The libel was.filed to recover the value of 1,348 bushels of oats, which, it is alleged, were not delivered out of a quantity of 8,989 bushels, alleged to have been loaded upon the canal boat Daniel Burns on December 8, 1891. The libel states that the quantity missing “was sold and delivered by the master without orders from the libelant,” and that the canal boat was “under charter to the libelant for transportation of the oats from Hoboken, N. J., to such point or points in the harbor of New York as might thereafter be ordered.”

The proof is scarcely satisfactory as to the actual quantity loaded upon the canal boat. What was put upon the boat was put in from cars, which had been weighed and measured upon different days previous to the loading. The weigher could give no testimony as to the amount on either of the cars. The weight he testified to was obtained, as he said, by the addition of the weights on the several cars together. He testified positively to this aggregate; but he could give no items; he did not remember them without his memoranda; and his memoranda though called for, were not produced. There was no proof as respects the custody of the cars, or of the grain, between the time when they were measured and the time when they were unloaded upon the boat; and hence no proof that all of it went upon the boat. There was no proof of any abstraction of grain from the boat, nor of any improper delivery without orders of the libelant. 7,641 bushels were admitted to have been delivered in three different deliveries; but there was no proof of the actual measurement of the quantity delivered, or that the amount taken by the libelant’s vendee did not exceed that quantity. I should hardly be satisfied to render any decree for the libelant upon such evidence, if in other respects the libel could be sustained.

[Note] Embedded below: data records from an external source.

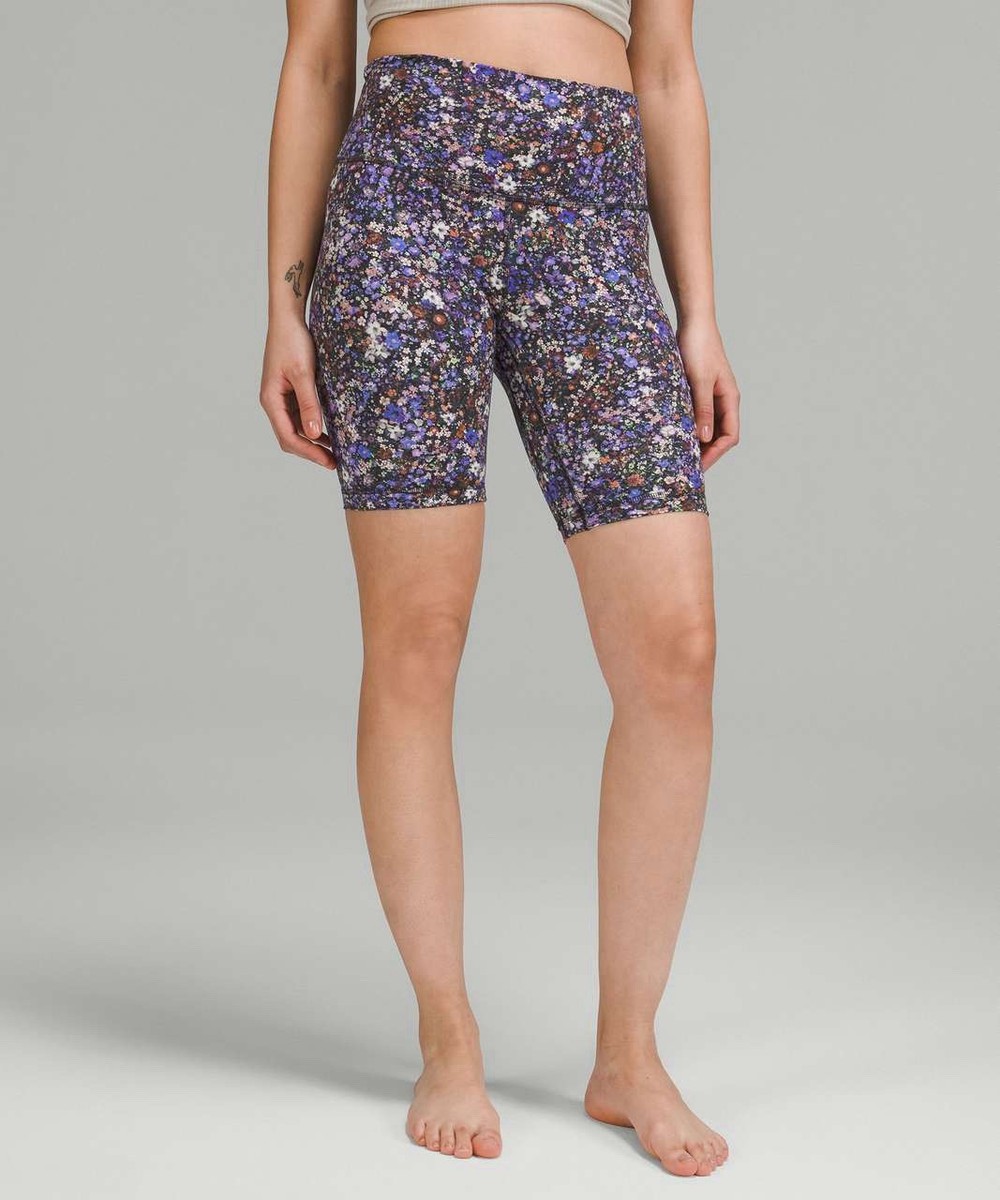 lululemon align pink lychee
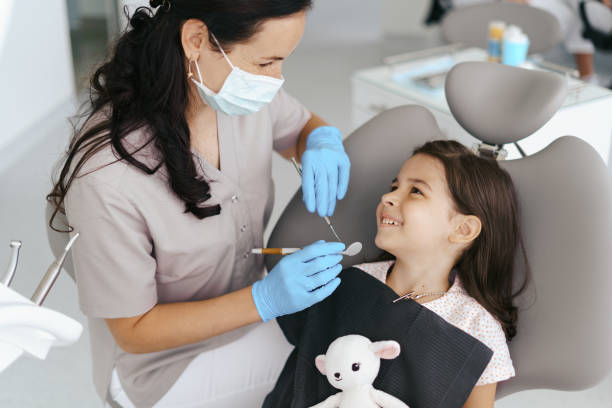 Best Weekend Emergency Dentist in Russellville, KY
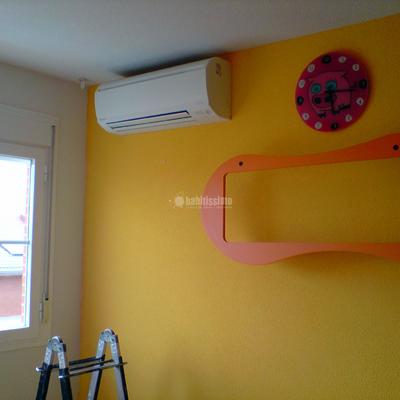 Aire Acondicionado, Venta, Reparaciones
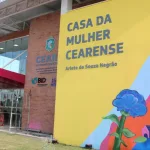 Casa da Mulher Cearense, em Juazeiro do Norte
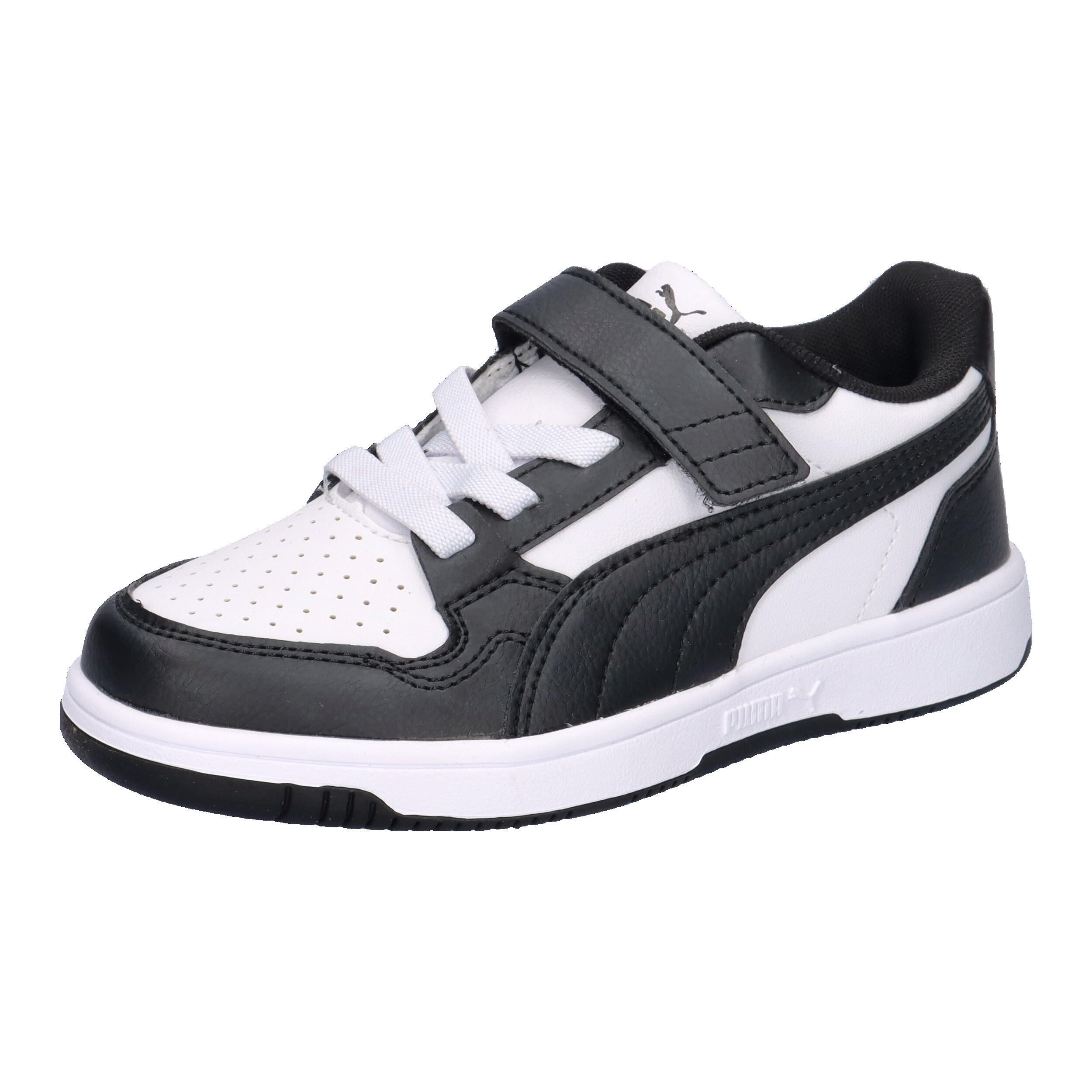 Buty do chodzenia dla dzieci Puma 03 Rebound V6 Mid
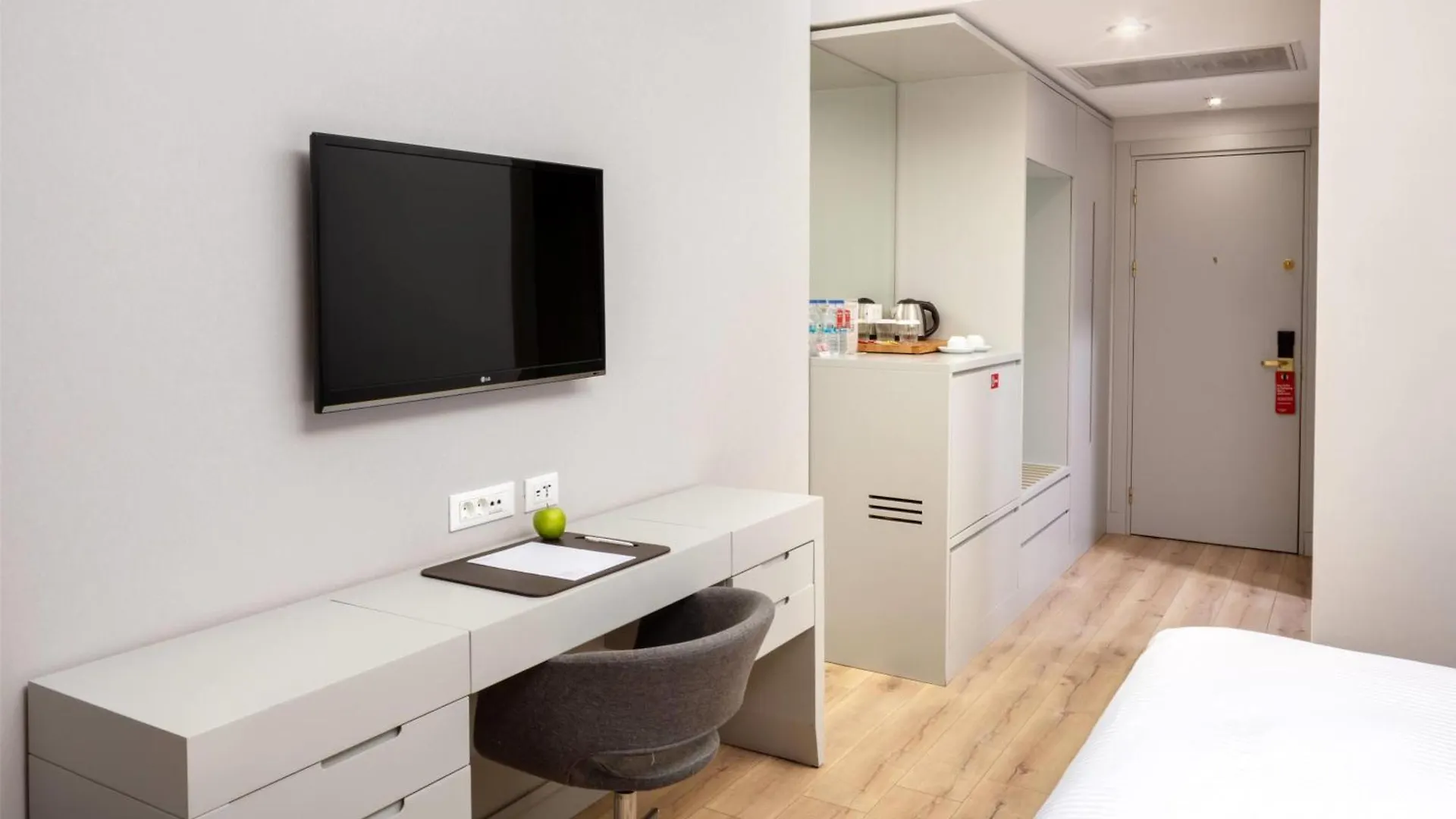 Ramada Plaza By Wyndham Istanbul Atakoy Hotel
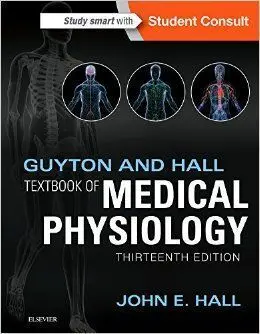 Guyton And Hall Textbook Of Medical Physiology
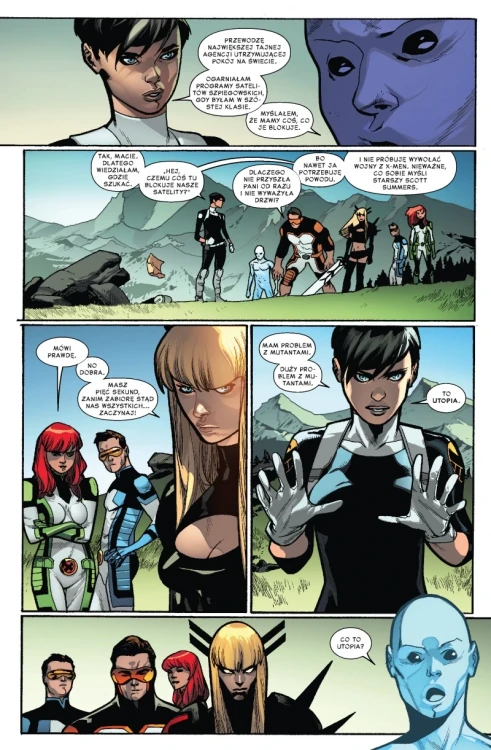 All-New X-Men. Utopianie. Tom 7-2.webp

. But upon the proof as to the hiring of the boat, I do not think the facts show that either the Burns or her owner was liable for a mere deficiency of grain found on unloading. There was no charter of the *160boat in the ordinary sense. The boat was merely hired by the libelant, in accordance with a very common practice, for an indefinite time, at the rate of two dollars a day, for use by libelant in storing or carrying its grain about the harbor; that price to be paid for each day that any cargo was aboard. The boat, so far as respects loading and unloading, her navigation, and the delivery of cargo, was to be subject wholly to the orders and control of the libelant. The price of two dollars per day included a man, who was called a captain, who stayed upon the boat, and whose business it was to attend to her and keep her pumped out as necessary. But this man had nothing to do with the loading, trimming, or unloading of the cargo, nor with the navigation of the boat; and the canal boat had no motive power of her own. Whatever navigation there was, was to be done exclusively by the libelant. When any cargo was to be delivered, the libelant would cause it to be towed; and the cargo, or-so much of it as might be sold, would be transported by the libelant to the place where the buyer wished to remove it. The boat was loaded by the libelant on the 8th of December. The first delivery was of about one third of the oats on the following 27th of December; the next, on January 25th; and the last, on February 25th. Upon the evidence in the case the most that can be said, even if there was sufficient proof of the loading of 8,989 bushels and of the delivery by libelant’s orders of only 7,639, that there is a discrepancy of 1,315 bushels between the intake and the outgo, without any explanation of how the discrepancy occurred. But the proof does not show that the loss, if any, occurred by any fault of the boat, or of her owner.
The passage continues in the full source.